Re: Dividends, a prime taxation target?

#325809

Postby monabri » July 13th, 2020, 1:08 pm

Stamp Duty Reserve Tax increase from 0.5% to 1.0%.

https://en.wikipedia.org/wiki/Stamp_dut ... eserve_Tax

"A unique feature of SDRT, compared to other purely domestic taxes in the United Kingdom, is that more than 40% of the annual intake is collected from outside the UK, thus creating an annual inflow of approx. £1.5 billion from foreign investors to the UK government."

https://assets.publishing.service.gov.u ... Sept18.pdf

Chart 1B - would indicate that a doubling of SDRT from 0.5% to 1% might raise an extra ~£2.8bn per year.

And those investors with spare money can afford it would be the view, no doubt!

scrumpyjack
Lemon Quarter
Posts: 4810
Joined: November 4th, 2016, 10:15 am
Has thanked: 605 times
Been thanked: 2673 times

Re: Dividends, a prime taxation target?

#325811

Postby scrumpyjack » July 13th, 2020, 1:22 pm

monabri wrote:Stamp Duty Reserve Tax increase from 0.5% to 1.0%.

https://en.wikipedia.org/wiki/Stamp_dut ... eserve_Tax

"A unique feature of SDRT, compared to other purely domestic taxes in the United Kingdom, is that more than 40% of the annual intake is collected from outside the UK, thus creating an annual inflow of approx. £1.5 billion from foreign investors to the UK government."

https://assets.publishing.service.gov.u ... Sept18.pdf

Chart 1B - would indicate that a doubling of SDRT from 0.5% to 1% might raise an extra ~£2.8bn per year.

And those investors with spare money can afford it would be the view, no doubt!


More likely this would drive the dealing elsewhere and the tax take would drop substantially.

Charlottesquare
Lemon Quarter
Posts: 1775
Joined: November 4th, 2016, 3:22 pm
Has thanked: 105 times
Been thanked: 560 times

Re: Dividends, a prime taxation target?

#325816

Postby Charlottesquare » July 13th, 2020, 1:37 pm

Snorvey wrote:That is just kicking the can down the road, on average pension savings are already reducing year after year, remove tax relief (either funds going in with relief or coming out tax free ) and nobody would bother.......


Well I did say it was kicking the can down the road, but the financial problems are now - i.e. pandemic related.

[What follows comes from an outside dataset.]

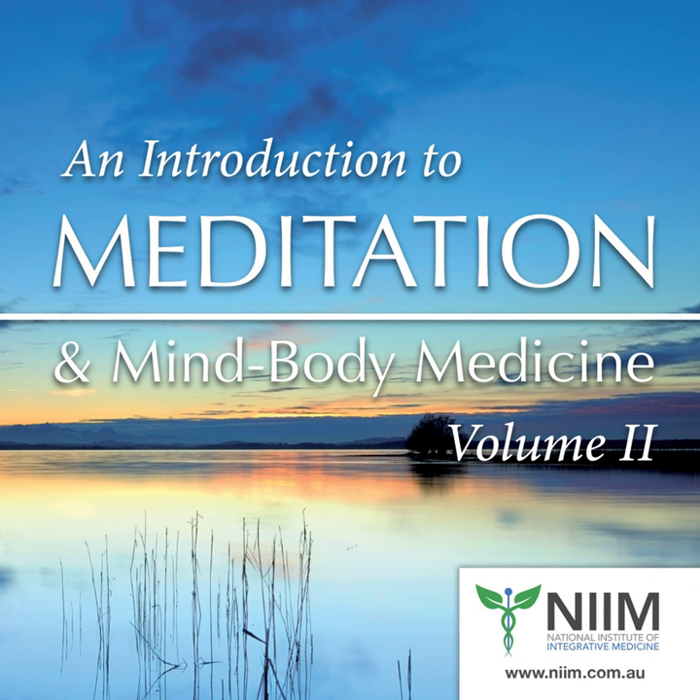Just going with it, relaxing, releasing, simply letting go.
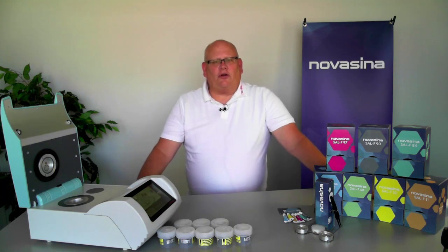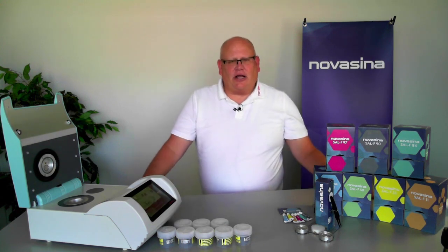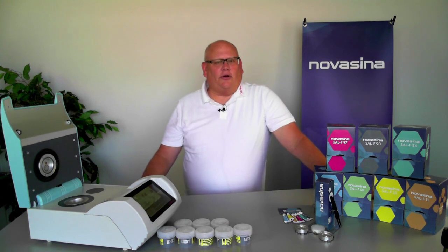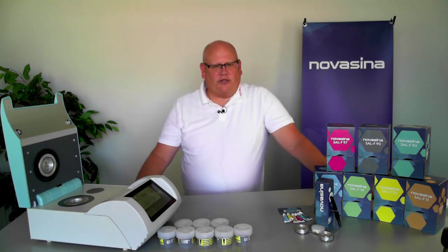Hello, everyone, and welcome to this video where we're going to talk about calibration and verification of water activity instruments. Calibration and verification play a very important role in maintaining your water activity instrument and making sure that it gives you good, accurate readings. Doing a calibration and verification is a great way to determine whether or not your instrument is doing what it's supposed to do.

And I disagree with the 'nobody would bother'. Plenty of people save for retirement without using pension plans. Whether it's ISA's or Buy To Lets or whatever. Some only have a pension plan for the reasons you state (employer contributions)

If they're investing into a pension, despite all the inflexibility, rather than some other investment vehicle because of the tax relief, then do we really need to give them the tax relief?


The catch is people are weak willed, pensions lock money up, but if no perk nobody will lock it up.

Who pays if someone makes no provision for their retirement? Generally, everyone else.

1nvest
Lemon Quarter
Posts: 4323
Joined: May 31st, 2019, 7:55 pm
Has thanked: 680 times
Been thanked: 1316 times

Re: Dividends, a prime taxation target?

#325829

Postby 1nvest » July 13th, 2020, 3:29 pm

Charlottesquare wrote:The catch is people are weak willed, pensions lock money up, but if no perk nobody will lock it up.

Who pays if someone makes no provision for their retirement? Generally, everyone else.

People have allowed themselves to become imprisoned. The UK has one if not the highest number of surveillance cameras per head. Your activities/spending/movements are all tracked/recorded. The amounts and whereabouts of 'your' wealth is all known - which makes that wealth just a loan, potentially called in at any time. There is no need for taxes; Money isn't backed by anything, can just be printed/spent at the cost of devaluing all other notes in circulation - a form of micro-taxation. The BoE used to raise/lower interest rates to redirect economic activity (market valuations). Nowadays it can print money and buy bonds, or sell bonds, in order direct yields (and prices) to particular levels, which in turn adjusts stock prices (as fund managers rebalance out of rising bond prices into stocks for instance). The BoE could just follow that practice for a while and then opt to just state the yield that it desired and that it would buy (sell) bonds to achieve ... and the market would automatically adjust prices to that yield likely without the BoE actually having to buy or sell any bonds itself. The EU/ECB bailed out massive bad pre-2008 German bets, swapped those debts over to the ECB in return for lower risk ECB debts. The ECB printed 2 trillion Euros as part of that, buying up first government bonds, then junk bonds, then even stocks. That conceptually could be extended further, print to buy up all land/houses for instance. The only barrier is that sooner or later faith is lost and large-scale capital out-flight induces hyperinflation.

If you don't comply, for instance consider your savings to be your money that you worked to build up, not the states money available to be confiscated at any time, then the state will consider that money as potentially being the proceeds from illicit activities and could look to lock down/seize that wealth. Or at least put up laws to hinder that freedom.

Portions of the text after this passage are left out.